WHAT TO WORK ON →
Every entry in the following listing must be restated word for word, though not its pictures.

====

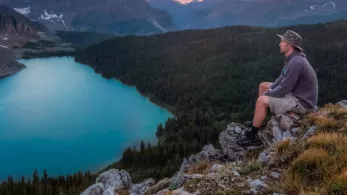 A person wearing a hat, gray hoodie, and shorts sits on a rocky ledge overlooking a blue lake surrounded by dense forest and mountains. The sun is setting in the background, casting a warm glow across the sky.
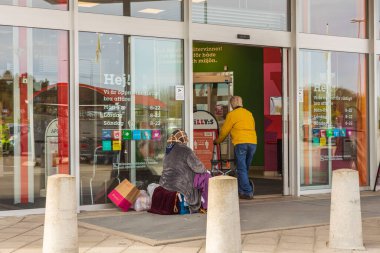 Süpermarketin girişindeki dilencinin yakın görüntüsü. Uppsala. İsveç. 05.12.2021.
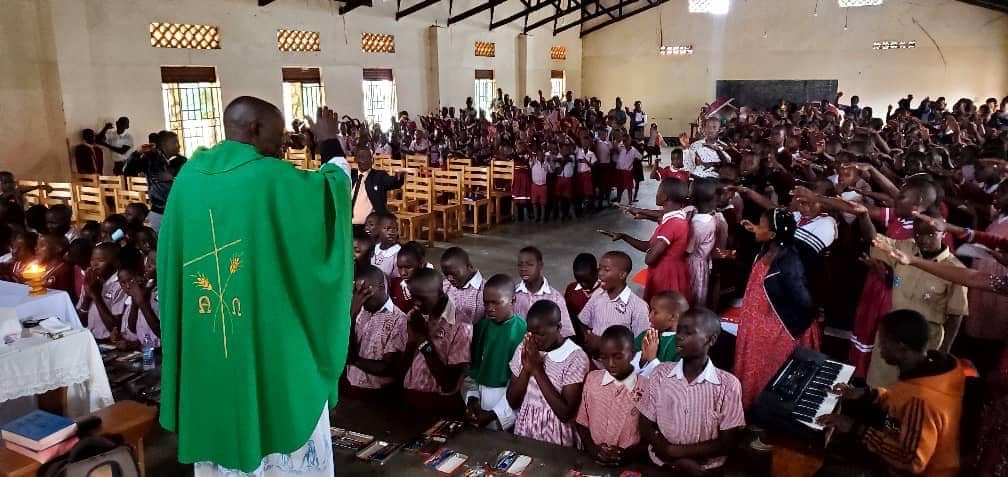 Father Simon Peter with SJA Students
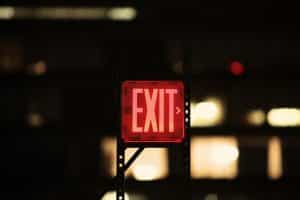 A picture of an exit sign near a door.
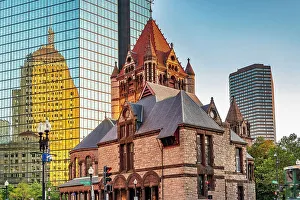 Massachusetts, Boston, Trinity Church and Berkeley Building reelecting on modern building on Boylston Street and Clarendon Street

====

ANSWER AREA →
 A person wearing a hat, gray hoodie, and shorts sits on a rocky ledge overlooking a blue lake surrounded by dense forest and mountains. The sun is setting in the background, casting a warm glow across the sky.
 Süpermarketin girişindeki dilencinin yakın görüntüsü. Uppsala. İsveç. 05.12.2021.
 Father Simon Peter with SJA Students
 A picture of an exit sign near a door.
 Massachusetts, Boston, Trinity Church and Berkeley Building reelecting on modern building on Boylston Street and Clarendon Street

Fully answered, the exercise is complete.